The law blog at the Wall Street Journal points out that a complaint filed against YouTube this week copies greatly from one filed a few weeks back. They highlighted the relevant text in the two complaints for you. Here is the first and second complaint. Is it infringment or fair use? Good question, which also dovetails into an article I am currently writing on a similar issue (more later).
The only article on the matter Davida H. Isaacs, The Highest Form of Flattery? Application
of the Fair Use Defense against Copyright Claims for Unauthorized Appropriation of Litigation Documents, 71 Mo. L. Rev. 391 (2006), (pdf) applies a fair use analysis. Nimmer on Copyright § 2.18[E] suggests “There appear to be no valid grounds why legal forms such as contracts, insurance policies, pleadings and other legal documents should not be protected under the law of copyright.”
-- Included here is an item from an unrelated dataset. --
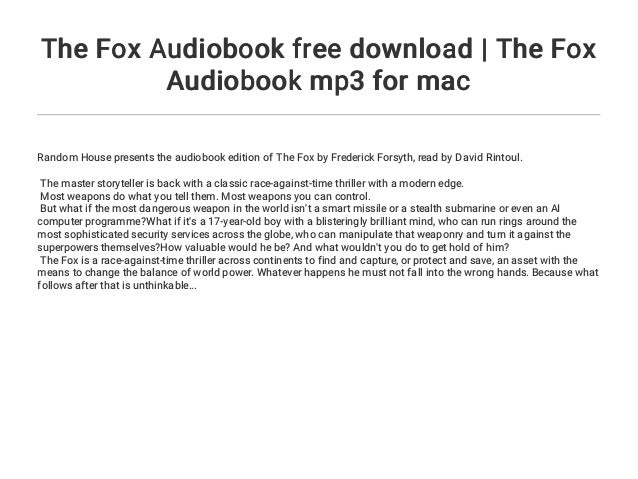 Musik Gratis Download Mac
However, I throw my hat in with Prof. Thomas G. Field, Jr., who believes that law firms “[don't] have a protectable copyright in  complaints” because they do not meet the creativity required to gain copyright protection. Under the idea/expression dichotomy in copyright law, facts are not protectable. Citing law, no matter how arranged, is simply citing to fact, and there is no creativity involved (unless you are wrong in what you believe the law to be, I suppose, which might make your interpretation very creative). I don’t think that you have to get to a fair use analysis here, as there is no protection available.
Of course, firms like Milberg Weiss (they sued a company I was an officer of once, but so did most state’s attorney generals) have been slapping a copyright warning on their complaints since 2001. If they sue you for copying wholesale from one of their class action complaints, give me a call to defend you; I would like an opportunity to make the argument in front of the Supreme Court.